I want to be a girl that I am, but the whole process to what I'm looking for is somewhat very exaggerated, expensive, and difficult than what most would even think of going through. I've asked a lot about surgeries and such in these forums, though I'm young and very passable as a girl even in my fake gender-neutral boy mode. I also have the least amount of T-poisoning in any male in my family. Being labeled a transgender is one of my worst fears, next to aging. Wouldn't it be nice to transform just like that, almost supernaturally? Become purely genetic, natal female for MTFs? or male for FTMs? We know there exists nothing magical like that, so we turn to medical science, which really is still at its infancy.
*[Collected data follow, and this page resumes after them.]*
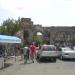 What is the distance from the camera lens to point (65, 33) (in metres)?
134

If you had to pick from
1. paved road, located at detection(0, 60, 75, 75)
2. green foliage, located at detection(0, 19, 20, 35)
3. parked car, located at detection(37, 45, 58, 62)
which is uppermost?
green foliage, located at detection(0, 19, 20, 35)

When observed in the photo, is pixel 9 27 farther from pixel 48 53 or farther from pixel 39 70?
pixel 39 70

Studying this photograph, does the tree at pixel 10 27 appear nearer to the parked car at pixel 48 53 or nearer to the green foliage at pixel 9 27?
the green foliage at pixel 9 27

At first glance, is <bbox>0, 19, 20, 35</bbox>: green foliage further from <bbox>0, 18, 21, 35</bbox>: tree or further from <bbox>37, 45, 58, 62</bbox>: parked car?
<bbox>37, 45, 58, 62</bbox>: parked car

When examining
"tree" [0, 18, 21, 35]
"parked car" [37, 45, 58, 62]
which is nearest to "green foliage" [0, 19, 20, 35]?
"tree" [0, 18, 21, 35]

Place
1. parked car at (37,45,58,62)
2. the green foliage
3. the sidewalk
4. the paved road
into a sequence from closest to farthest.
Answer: the paved road → the sidewalk → parked car at (37,45,58,62) → the green foliage

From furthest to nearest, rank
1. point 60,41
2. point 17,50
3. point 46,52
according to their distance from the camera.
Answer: point 60,41 → point 17,50 → point 46,52

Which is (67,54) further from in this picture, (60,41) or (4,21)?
(60,41)

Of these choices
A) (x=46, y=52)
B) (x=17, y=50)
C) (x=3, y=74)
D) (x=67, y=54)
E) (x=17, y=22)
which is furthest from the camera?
(x=17, y=22)

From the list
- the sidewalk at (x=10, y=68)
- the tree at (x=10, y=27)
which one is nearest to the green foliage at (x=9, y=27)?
the tree at (x=10, y=27)

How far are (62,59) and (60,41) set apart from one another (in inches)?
3680

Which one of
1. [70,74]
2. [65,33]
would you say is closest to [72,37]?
[65,33]

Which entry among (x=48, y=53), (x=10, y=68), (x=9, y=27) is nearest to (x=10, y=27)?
(x=9, y=27)

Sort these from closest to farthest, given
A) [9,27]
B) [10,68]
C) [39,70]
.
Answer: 1. [39,70]
2. [10,68]
3. [9,27] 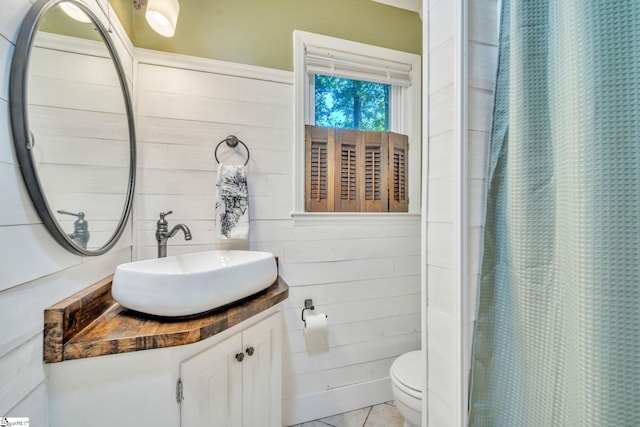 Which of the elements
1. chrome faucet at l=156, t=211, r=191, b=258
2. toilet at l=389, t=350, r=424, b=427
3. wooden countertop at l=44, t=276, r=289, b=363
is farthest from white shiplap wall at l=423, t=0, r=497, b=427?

Just imagine how many diseases are out there, and just how many do we really have a cure for?


I hate being a transsexual too, but its a necessary step if I do want to claim the body that I should of had. It is a necessary trial to filter out those just want to be female for fun or just to be cute. In my case I probably would have been born with a female body too, but it probably just changed because I was split in to two before I was born. I do love my other half and she loves me too. We're two of a single shell, trying to break free for years now. Getting the body to match the brain is probably the only thing that can break these chains that bind this silly shell. I know I'm talking metaphorically, or rather it's something else?  :D


Anyway enough about me, if there is a test it is to ask yourself:



  • Do I feel female? Really, in hearts of your hearts? Did you enjoy the life as a male even for a moment?


  • Do you rather live female or not live at all?


  • Is your behavior already female? do you have to relearn it?


  • Get a brain scan (not sure what the name of that scan was), get your family or friends to do it too. Compare if a certain region in the hypothalamus is consistent with your female peers. I'm still searching for the exact name of the region. Maybe the size of the hypothalamus alone will do. :-\


  • Somewhat repressed but have XXY chromosomal build? (great for convincing family, but that could complicate things by itself)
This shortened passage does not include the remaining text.